"Będzie remis ze wskazaniem na Kopacz. Wyrobiła się"
Nie jest to druga tura wyborów prezydenckich, gdzie od jednego gestu wiele zależy. Czy spodziewamy się usłyszeć coś nowego? Ja nie. Ale obejrzę ją z przyjemnością - powiedziała w Polsat News o poniedziałkowej debacie Beaty Szydło i Ewy Kopacz, Katarzyna Piekarska z SLD.
Przyznała, że mimo wszystko bardziej jednak czeka na drugą debatę, która odbędzie się we wtorek (wezmą w niej udział wszystkie komitety starujące w wyborach). - Teraz będziemy się zastanawiali (kto wygra, Kopacz czy Szydło - przyp. red.), ale mi się to nie podoba. Ta rozmowa utrwala stereotyp, że w Polsce nic już się nie dzieje politycznie poza PiS i PO. To nie druga tura wyborów prezydenckich. W debacie powinni wziąć przedstawiciele ośmiu ogólnopolskich komitetów wyborczych - komentowała.
Według Piekarskiej na polskiej scenie politycznej doszło do wielu zmian w ostatnich latach. - Mamy ten klincz PiS i PO od ośmiu lat. Ta kampania jest ciekawa, bo pojawiły się nowe byty polityczne, jak choćby Zjednoczona Lewica, z której startuję - zauważyła.

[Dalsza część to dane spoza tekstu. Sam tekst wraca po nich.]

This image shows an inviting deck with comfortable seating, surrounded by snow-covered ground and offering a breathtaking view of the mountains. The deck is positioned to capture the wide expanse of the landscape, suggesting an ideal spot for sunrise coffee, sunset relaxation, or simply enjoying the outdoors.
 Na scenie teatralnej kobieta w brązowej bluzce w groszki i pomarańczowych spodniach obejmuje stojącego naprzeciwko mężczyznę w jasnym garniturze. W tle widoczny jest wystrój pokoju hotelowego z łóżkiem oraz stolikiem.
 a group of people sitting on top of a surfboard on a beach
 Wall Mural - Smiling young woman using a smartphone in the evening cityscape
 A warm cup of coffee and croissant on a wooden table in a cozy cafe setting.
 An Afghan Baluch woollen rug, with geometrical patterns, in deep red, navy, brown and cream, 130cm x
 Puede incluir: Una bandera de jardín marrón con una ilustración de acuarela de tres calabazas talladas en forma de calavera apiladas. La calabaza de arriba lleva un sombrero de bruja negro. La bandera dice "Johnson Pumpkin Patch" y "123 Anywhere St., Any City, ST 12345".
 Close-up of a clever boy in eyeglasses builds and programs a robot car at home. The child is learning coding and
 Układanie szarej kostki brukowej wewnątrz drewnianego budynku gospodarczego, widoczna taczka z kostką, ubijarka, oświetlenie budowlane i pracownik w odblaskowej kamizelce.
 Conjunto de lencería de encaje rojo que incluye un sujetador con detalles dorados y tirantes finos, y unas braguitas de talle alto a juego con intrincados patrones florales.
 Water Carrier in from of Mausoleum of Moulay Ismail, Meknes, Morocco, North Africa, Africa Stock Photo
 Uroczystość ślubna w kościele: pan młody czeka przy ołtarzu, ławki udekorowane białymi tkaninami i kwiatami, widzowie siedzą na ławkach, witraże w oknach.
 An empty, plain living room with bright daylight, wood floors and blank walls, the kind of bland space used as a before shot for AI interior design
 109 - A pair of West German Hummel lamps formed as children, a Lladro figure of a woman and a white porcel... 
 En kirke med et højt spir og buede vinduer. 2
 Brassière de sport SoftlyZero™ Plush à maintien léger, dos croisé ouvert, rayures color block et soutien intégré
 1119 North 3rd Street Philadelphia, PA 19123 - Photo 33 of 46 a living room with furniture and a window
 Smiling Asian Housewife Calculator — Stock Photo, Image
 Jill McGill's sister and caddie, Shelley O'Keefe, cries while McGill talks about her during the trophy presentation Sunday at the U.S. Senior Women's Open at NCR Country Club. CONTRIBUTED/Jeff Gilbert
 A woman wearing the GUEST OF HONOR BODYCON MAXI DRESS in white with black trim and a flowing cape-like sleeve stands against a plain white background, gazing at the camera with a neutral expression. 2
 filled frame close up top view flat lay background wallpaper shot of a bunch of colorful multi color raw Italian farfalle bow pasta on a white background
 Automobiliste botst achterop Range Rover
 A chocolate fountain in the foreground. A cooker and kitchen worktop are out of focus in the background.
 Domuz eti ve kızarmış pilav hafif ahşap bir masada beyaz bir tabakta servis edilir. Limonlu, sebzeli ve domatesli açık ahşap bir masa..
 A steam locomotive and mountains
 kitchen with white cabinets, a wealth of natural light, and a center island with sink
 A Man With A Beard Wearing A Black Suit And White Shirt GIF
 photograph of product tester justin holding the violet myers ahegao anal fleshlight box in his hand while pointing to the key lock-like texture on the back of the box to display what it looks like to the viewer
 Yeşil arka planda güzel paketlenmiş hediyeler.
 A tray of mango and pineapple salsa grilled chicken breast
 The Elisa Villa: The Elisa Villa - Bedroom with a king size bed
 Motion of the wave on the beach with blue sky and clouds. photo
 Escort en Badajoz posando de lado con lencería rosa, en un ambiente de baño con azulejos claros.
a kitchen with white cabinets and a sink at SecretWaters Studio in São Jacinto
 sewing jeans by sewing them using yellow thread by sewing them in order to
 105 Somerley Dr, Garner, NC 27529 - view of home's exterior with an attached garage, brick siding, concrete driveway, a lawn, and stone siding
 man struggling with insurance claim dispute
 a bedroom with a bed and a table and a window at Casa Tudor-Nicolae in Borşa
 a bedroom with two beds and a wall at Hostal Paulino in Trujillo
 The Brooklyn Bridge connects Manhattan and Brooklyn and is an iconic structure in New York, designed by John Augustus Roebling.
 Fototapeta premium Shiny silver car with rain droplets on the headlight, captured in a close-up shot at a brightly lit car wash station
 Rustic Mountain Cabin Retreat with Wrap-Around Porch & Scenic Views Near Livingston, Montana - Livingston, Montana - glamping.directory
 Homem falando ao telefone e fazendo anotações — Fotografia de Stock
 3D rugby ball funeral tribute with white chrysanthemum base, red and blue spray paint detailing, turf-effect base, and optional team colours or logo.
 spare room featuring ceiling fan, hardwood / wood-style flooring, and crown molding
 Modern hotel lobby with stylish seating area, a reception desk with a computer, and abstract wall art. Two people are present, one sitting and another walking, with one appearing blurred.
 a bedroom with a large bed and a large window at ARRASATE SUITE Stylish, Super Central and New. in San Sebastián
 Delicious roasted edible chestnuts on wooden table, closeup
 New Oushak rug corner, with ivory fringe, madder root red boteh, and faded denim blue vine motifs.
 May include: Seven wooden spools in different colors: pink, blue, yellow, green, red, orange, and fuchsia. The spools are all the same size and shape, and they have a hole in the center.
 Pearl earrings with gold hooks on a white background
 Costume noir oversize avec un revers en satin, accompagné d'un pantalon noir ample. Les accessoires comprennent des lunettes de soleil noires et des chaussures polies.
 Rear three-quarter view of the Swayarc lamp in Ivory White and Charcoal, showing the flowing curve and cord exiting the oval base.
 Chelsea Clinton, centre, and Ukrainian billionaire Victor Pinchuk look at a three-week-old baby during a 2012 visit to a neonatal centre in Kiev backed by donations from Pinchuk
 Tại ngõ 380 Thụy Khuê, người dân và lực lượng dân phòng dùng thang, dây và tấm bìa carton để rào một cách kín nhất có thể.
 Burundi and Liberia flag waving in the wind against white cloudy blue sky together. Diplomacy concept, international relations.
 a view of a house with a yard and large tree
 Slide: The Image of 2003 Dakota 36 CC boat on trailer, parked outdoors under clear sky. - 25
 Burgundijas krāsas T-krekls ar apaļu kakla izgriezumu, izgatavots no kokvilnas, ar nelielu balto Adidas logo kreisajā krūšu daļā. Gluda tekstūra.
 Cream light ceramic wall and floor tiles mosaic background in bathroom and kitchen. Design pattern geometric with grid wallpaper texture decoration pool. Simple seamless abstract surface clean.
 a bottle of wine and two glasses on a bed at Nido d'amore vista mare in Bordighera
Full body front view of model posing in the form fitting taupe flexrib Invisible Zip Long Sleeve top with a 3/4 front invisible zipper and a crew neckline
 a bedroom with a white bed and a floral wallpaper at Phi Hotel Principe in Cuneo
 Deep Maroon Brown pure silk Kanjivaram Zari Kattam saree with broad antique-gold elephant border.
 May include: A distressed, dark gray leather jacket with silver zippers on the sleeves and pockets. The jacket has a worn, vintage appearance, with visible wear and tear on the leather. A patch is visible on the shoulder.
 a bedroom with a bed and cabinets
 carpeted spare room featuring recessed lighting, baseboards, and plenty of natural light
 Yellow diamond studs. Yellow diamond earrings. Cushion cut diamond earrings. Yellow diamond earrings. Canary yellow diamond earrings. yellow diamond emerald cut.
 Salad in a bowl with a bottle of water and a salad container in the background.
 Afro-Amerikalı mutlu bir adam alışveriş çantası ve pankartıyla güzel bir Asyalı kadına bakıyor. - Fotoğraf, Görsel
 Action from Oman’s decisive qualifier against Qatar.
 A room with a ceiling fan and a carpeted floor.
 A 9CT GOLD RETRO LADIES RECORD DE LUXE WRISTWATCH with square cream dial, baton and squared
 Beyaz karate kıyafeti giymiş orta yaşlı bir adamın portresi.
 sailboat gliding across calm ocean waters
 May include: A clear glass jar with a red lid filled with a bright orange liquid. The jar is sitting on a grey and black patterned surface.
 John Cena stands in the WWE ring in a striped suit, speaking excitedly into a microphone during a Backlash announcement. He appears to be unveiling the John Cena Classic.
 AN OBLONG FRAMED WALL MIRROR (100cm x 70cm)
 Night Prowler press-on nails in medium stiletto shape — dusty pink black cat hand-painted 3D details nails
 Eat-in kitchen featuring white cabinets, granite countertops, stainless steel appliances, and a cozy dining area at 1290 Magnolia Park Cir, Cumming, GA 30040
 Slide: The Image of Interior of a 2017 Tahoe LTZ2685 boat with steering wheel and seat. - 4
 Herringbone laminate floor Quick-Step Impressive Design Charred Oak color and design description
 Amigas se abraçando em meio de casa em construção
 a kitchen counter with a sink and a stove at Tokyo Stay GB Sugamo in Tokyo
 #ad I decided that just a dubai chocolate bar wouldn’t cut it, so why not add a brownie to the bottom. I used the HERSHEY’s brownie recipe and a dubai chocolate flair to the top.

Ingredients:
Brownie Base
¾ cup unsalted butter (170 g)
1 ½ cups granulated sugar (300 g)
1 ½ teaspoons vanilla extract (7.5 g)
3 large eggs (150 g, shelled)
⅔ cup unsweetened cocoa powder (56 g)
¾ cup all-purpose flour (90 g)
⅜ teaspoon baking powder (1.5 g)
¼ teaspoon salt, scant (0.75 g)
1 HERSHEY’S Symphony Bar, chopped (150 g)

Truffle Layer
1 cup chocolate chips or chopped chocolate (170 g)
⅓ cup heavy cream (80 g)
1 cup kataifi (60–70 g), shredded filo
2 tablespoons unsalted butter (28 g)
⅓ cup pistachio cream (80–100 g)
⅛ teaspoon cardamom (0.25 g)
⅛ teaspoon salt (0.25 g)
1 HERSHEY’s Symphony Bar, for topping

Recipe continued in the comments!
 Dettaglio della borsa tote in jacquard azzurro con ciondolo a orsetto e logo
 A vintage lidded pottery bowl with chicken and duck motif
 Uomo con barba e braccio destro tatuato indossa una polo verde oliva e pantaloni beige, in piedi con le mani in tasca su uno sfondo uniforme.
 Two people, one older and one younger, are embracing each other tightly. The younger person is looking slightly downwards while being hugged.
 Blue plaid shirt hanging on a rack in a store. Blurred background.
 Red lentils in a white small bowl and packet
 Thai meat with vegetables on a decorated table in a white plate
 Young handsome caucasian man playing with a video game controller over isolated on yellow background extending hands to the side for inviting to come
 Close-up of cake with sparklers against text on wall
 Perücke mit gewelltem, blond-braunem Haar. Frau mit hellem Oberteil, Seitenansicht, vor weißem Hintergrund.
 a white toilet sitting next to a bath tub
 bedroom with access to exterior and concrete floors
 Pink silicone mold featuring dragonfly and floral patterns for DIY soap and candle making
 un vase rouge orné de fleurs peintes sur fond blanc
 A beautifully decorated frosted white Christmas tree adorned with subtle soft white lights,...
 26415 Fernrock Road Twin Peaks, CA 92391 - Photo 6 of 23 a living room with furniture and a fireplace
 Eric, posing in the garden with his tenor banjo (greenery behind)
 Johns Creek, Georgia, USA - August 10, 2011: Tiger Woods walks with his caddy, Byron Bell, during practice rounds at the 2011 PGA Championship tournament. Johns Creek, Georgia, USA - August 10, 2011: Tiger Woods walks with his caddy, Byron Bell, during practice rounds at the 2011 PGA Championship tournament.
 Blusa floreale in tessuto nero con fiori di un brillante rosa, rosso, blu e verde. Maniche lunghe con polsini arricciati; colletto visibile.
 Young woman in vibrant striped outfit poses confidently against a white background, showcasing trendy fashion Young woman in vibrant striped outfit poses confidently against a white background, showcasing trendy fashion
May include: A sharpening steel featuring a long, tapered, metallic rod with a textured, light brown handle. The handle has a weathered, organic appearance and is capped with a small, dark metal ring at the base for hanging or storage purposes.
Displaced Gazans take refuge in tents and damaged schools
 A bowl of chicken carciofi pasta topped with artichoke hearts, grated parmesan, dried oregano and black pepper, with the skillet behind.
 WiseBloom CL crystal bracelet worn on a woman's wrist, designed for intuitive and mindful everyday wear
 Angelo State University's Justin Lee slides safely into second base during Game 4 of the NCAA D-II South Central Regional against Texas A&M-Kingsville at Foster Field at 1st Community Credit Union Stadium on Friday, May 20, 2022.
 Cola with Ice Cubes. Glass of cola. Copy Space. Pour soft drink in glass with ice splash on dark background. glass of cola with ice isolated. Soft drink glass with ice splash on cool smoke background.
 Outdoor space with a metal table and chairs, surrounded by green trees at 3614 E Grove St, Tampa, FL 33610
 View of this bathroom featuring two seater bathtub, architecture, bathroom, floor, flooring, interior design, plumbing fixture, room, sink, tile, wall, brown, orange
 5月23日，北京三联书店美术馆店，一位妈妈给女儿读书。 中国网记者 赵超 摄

Remis ze wskazaniem na urzędujacą premier
Poniedziałkową debatę Piekarska jednak będzie śledzić i spodziewa się delikatnej wygranej obecnej szefowej rządu. - Remis ze wskazaniem na Ewę Kopacz. Urzędujący premier jest zawsze lepiej wyposażony w bieżącą wiedzę, poza tym przez ten rok Kopacz się wyrobiła - tłumaczyła.
Piekarska po raz kolejny zaprosiła także do śledzenia wtorkowej rozmowy. - W kolejnej debacie mamy i Zjednoczoną Lewicę, i inne komitety, o których wcześniej nie słyszeliśmy. Przez to jest bardziej sprawiedliwa. Mamy demokrację, to wybory, w których te komitety będą. Wyborca ma prawo wiedzieć, jaka jest ich oferta - argumentowała.